A tutto ciò fa da palcoscenico un pianeta che il nostro modo di vivere sta portando lentamente, ma inesorabilmente, se non intervengono delle azioni correttive, al collasso.

Il quadro che queste poche osservazioni offrono è desolante ed è ben noto nella parte di mondo in cui viviamo e che è detentore di molta parte del potere, della ricchezza e anche delle responsabilità della situazione attuale. Siamo informati, a volte troppo e anche con false notizie, e non riusciamo a discernere la realtà della povertà e della guerra, dalla finzione offerta da quella che Gino Strada definì “arma di distrazione di massa”, altri “macchina del consenso”. I mezzi di informazione ci riempiono la testa e le giornate di campionato del mondo di calcio, e, a cose fatte, di tutto il marcio, tangenti e morti sul lavoro, che dietro l’apparenza, festosa e ostentatamente umanitaria, c’è stato. E, come previsto, per le masse dei cinque continenti “l’arma di distrazione” ha funzionato. Non hanno pensato ad altro, agli altri che muoiono di fame e di guerra. Allo stesso scopo ci cullano con l’illusione di poter raggiungere luoghi esotici con favolose crociere su navi da sogno, gran premi automobilistici in città fantastiche, che l’ultimo smart phone prodotto o l’ultimo modello di auto superpotente ci diano quel senso di felicità tanto anelata quanto effimera.

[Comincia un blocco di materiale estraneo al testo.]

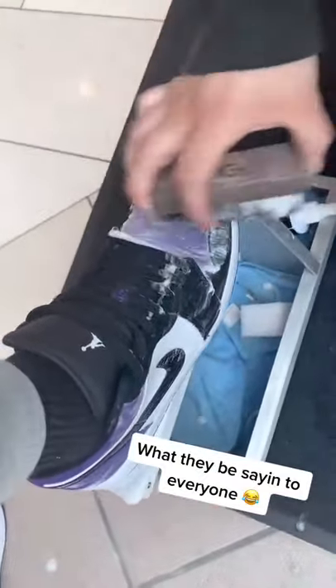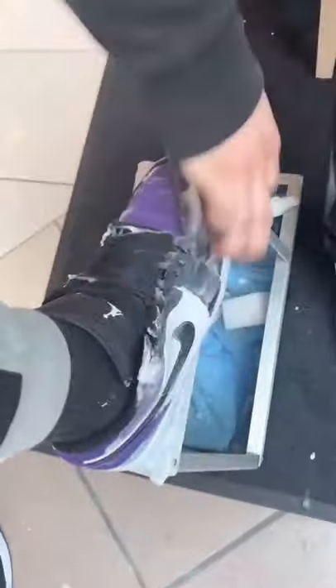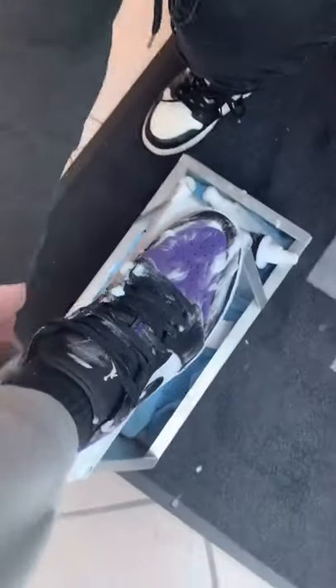All right boss man, now look — just like this, all the way around. How many pairs do you have at the house? I got like six. All right, that gives you six reasons why you need it — all the way around, just like this.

Tutto, per tutti, rigorosamente in comode rate, ipotecando il nostro tempo futuro, la nostra vita. Nello stesso tempo aumentano le spese militari, vengono fatti investimenti (Italia, Gran Bretagna e Giappone, ad esempio) per la progettazione e costruzione di una nuova arma: un aereo da guerra senza pilota. Si potrà uccidere senza correre alcun rischio personale. Ogni sforzo viene profuso affinché venga accettata la situazione presente come normale, e di normalizzazione parlano i nostri governanti, ma soprattutto, come ha chiaramente detto la nostra premier, a non disturbare il manovratore, chi produce ricchezza, profitto, non importa il costo umano e sociale.

Riappropriarsi della capacità di discernere, distinguere, individuare i demoni beneducati, di cui parlava papa Bergoglio due giorni prima dello scorso Natale, e i loro reali obiettivi dalle false promesse. Non farsi irretire, conservare la capacità di giudizio e non accettare come normale la situazione che i vari blocchi politico-militari, i potentati economici, generano: guerra a fuoco dove necessario, altre modalità dove possibile, ma comunque e ovunque, guerra ai poveri e non alle povertà, in nome del profitto.

Dall’inizio del Secondo Conflitto Mondiale ad oggi, questa la guerra perenne che stiamo vivendo e che non può più essere accettata.